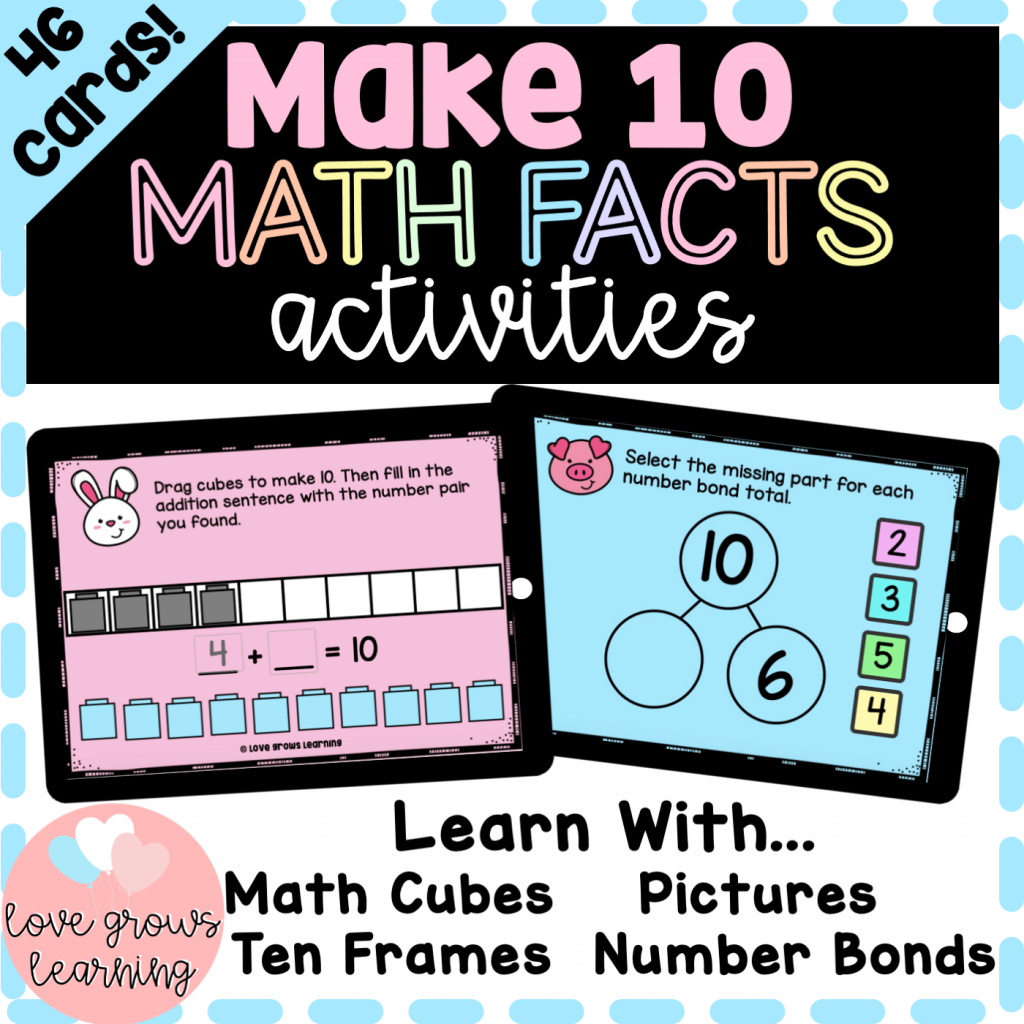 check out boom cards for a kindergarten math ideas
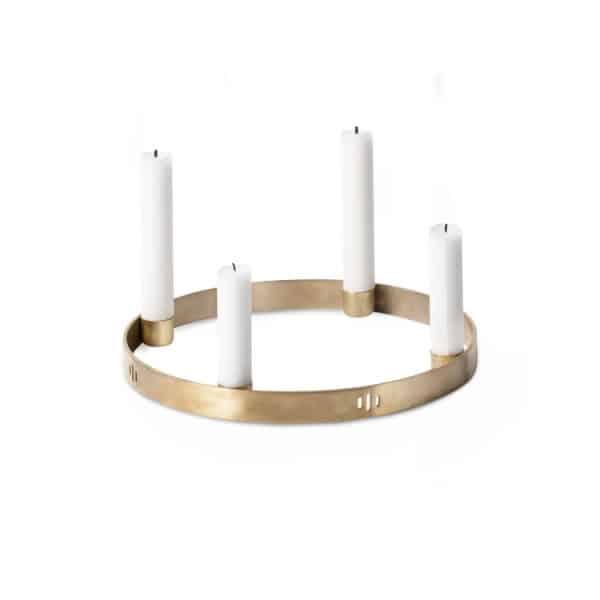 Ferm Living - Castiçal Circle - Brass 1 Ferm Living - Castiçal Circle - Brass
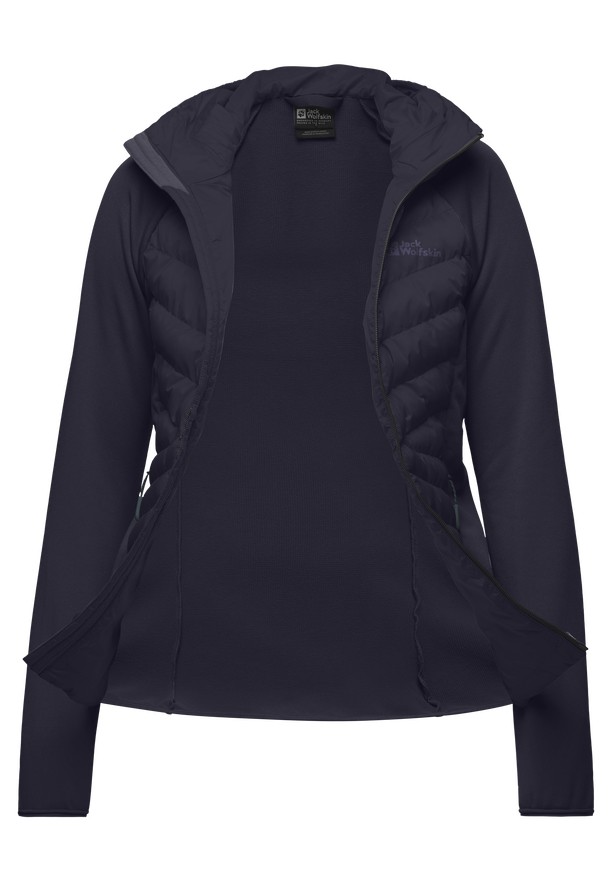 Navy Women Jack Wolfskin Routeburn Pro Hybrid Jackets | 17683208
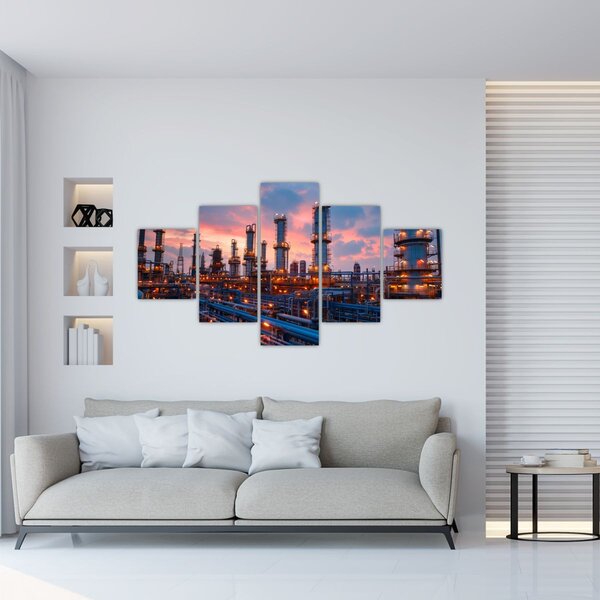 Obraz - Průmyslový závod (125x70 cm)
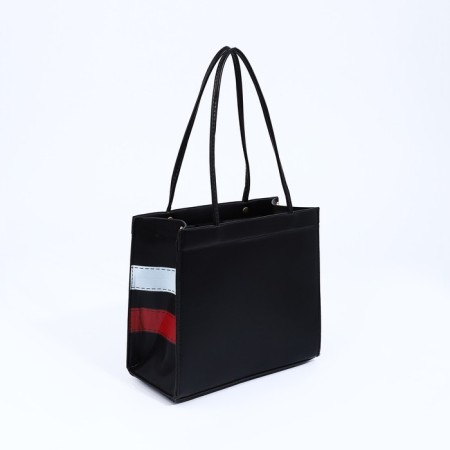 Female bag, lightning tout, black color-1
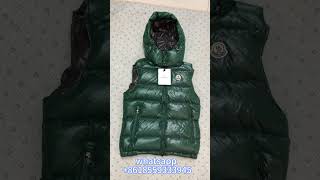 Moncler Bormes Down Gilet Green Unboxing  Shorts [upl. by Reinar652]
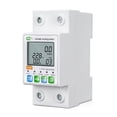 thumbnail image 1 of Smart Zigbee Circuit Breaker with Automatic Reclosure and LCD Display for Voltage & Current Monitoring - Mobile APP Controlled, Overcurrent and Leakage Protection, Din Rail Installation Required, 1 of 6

☆ ☆ ☆ ☆ ☆ ☆ ☆

What is expected ▸
From the listing above, restate verbatim the lines running from the one with "Obraz - Průmyslový závod (125x70 cm)" through the one with "Moncler Bormes Down", inclusive, but not the pictures.

Solution to this problem ▸
 Obraz - Průmyslový závod (125x70 cm)
 Female bag, lightning tout, black color-1
 Moncler Bormes Down Gilet Green Unboxing  Shorts [upl. by Reinar652]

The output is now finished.